Author

Ethan Wolf

Date of Award

2014

Document Type

Thesis

Degree Name

Bachelor of Arts

Department

Psychology

Abstract

Happiness is a universally desirable state that humans inherently strive to achieve. Researchers have come up with different ways of operationalizing this universal construct, but have generally agreed that happiness can be considered as the frequent presence of positive affect (Lyubomirsky, King, & Diener, 2005). There is a reason we love being happy, and the associations between happiness and success in numerous life domains have been long documented. However, research shows that happiness is more than just a byproduct of successful outcomes and in fact contributes to life success. Positive affect and emotions leads to feelings of confidence, self-efficacy, optimism, sociability, pro-social behavior, and physical well-being (Lyubomirsky, King, & Diener, 2005). In addition, positive affect causes people to think, feel, and act in a way that leads to resource building and goal involvement. (Elliot & Thrash, 2002; Lyubomirsky, 2001). Fredrickson (2001) pithily summarizes the effect of happiness as putting us in a place to “broaden and build”, meaning people who are happy are in position to thrive.
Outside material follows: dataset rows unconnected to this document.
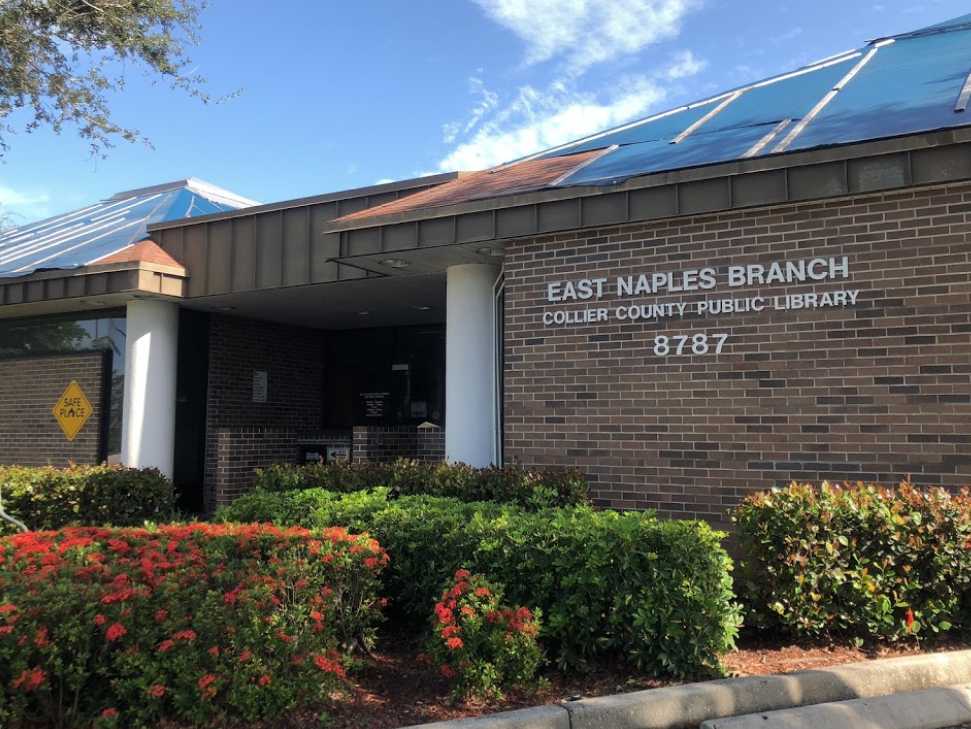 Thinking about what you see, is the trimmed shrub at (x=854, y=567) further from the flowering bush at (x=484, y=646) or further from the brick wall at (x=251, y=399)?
the brick wall at (x=251, y=399)

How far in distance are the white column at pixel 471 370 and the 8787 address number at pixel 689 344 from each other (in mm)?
2190

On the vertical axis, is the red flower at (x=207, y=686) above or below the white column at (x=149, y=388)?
below

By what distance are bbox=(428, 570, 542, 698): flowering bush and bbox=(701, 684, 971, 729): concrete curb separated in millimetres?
971

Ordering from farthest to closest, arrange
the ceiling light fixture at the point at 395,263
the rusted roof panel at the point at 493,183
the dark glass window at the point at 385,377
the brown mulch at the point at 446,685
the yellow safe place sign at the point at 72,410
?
the dark glass window at the point at 385,377
the yellow safe place sign at the point at 72,410
the ceiling light fixture at the point at 395,263
the rusted roof panel at the point at 493,183
the brown mulch at the point at 446,685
Although no definitive causal claims can be made, a metaanalysis consisting of 225 cross-sectional, longitudinal, and experimental studies pertaining to happiness and future outcomes supports this line of thinking and provides a convincing case that happiness not only is highly correlated with success, but in fact engenders life success in regards to work outcomes, relationships, and health (Lyubomirsky, King, & Diener, 2005). As a result of its broad impact, happiness is extremely important during the period of emerging adulthood.